What is needed: All of the data that follows is to be written out exactly, with images excluded.

Exercise data:
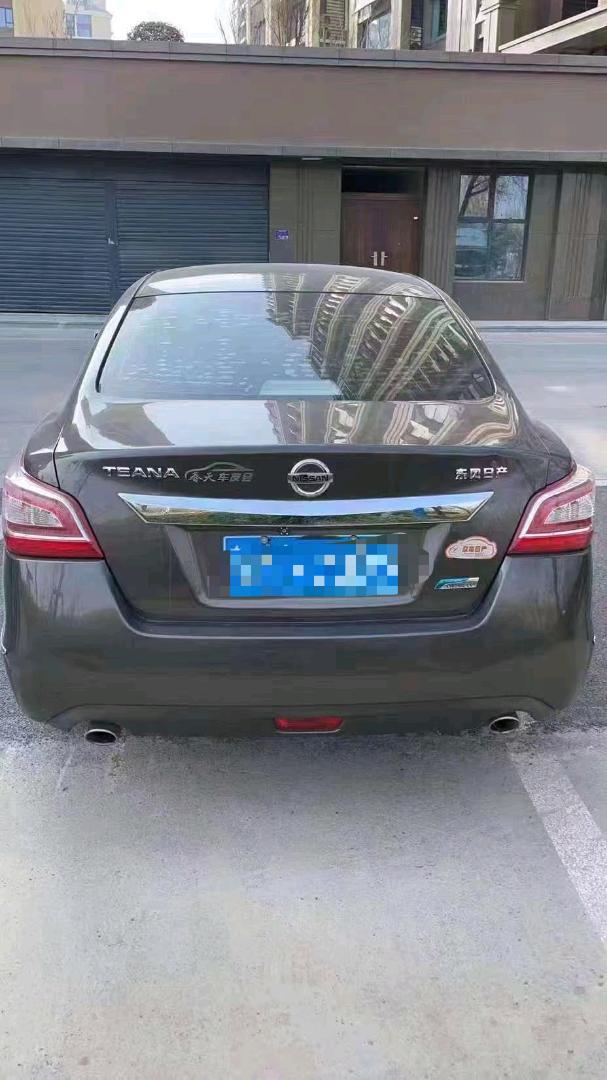 北京16年日产天籁8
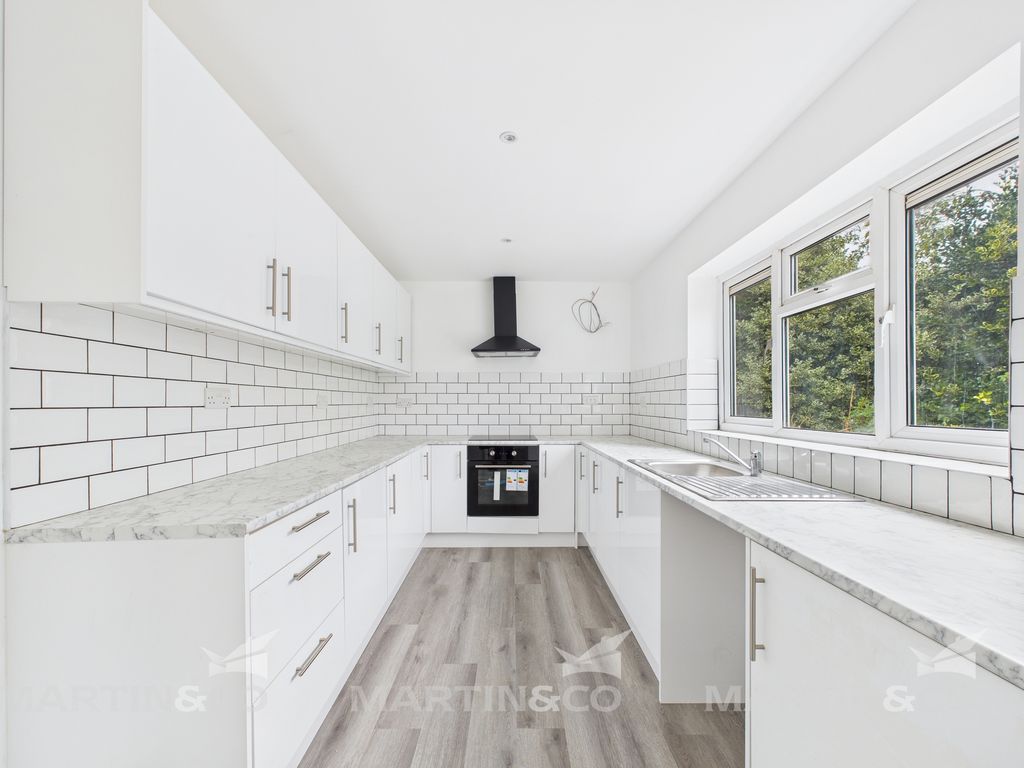 Property photo 1 of 7 Cam02406G0-Pr0508-Still002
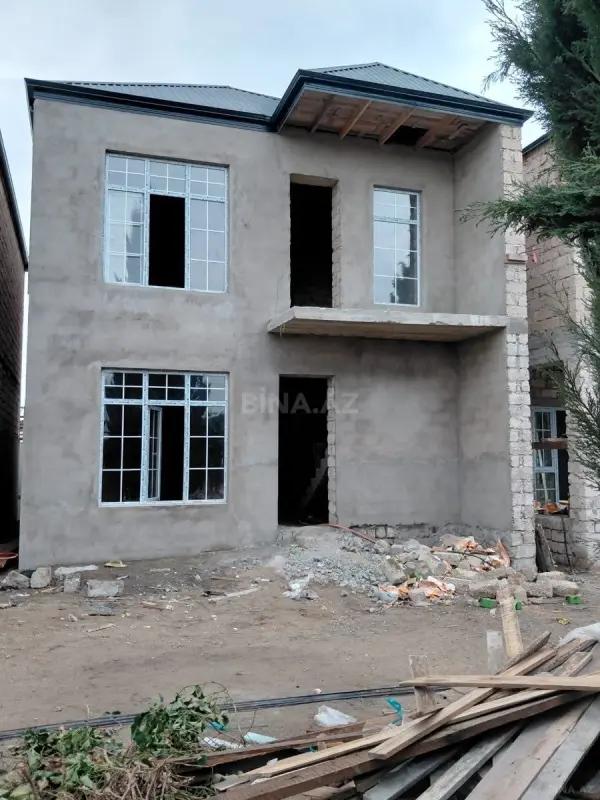 Satılır 4 otaqlı həyət evi 200 m²
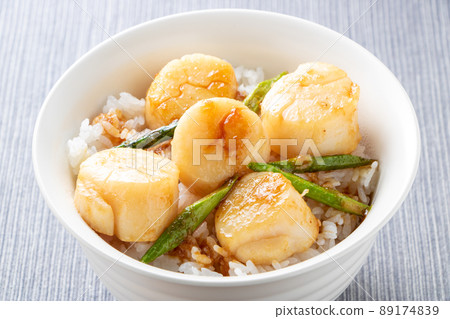 Scallop bowl. Scallop bowl. 89174839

Written response:
 北京16年日产天籁8
 Property photo 1 of 7 Cam02406G0-Pr0508-Still002
 Satılır 4 otaqlı həyət evi 200 m²
 Scallop bowl. Scallop bowl. 89174839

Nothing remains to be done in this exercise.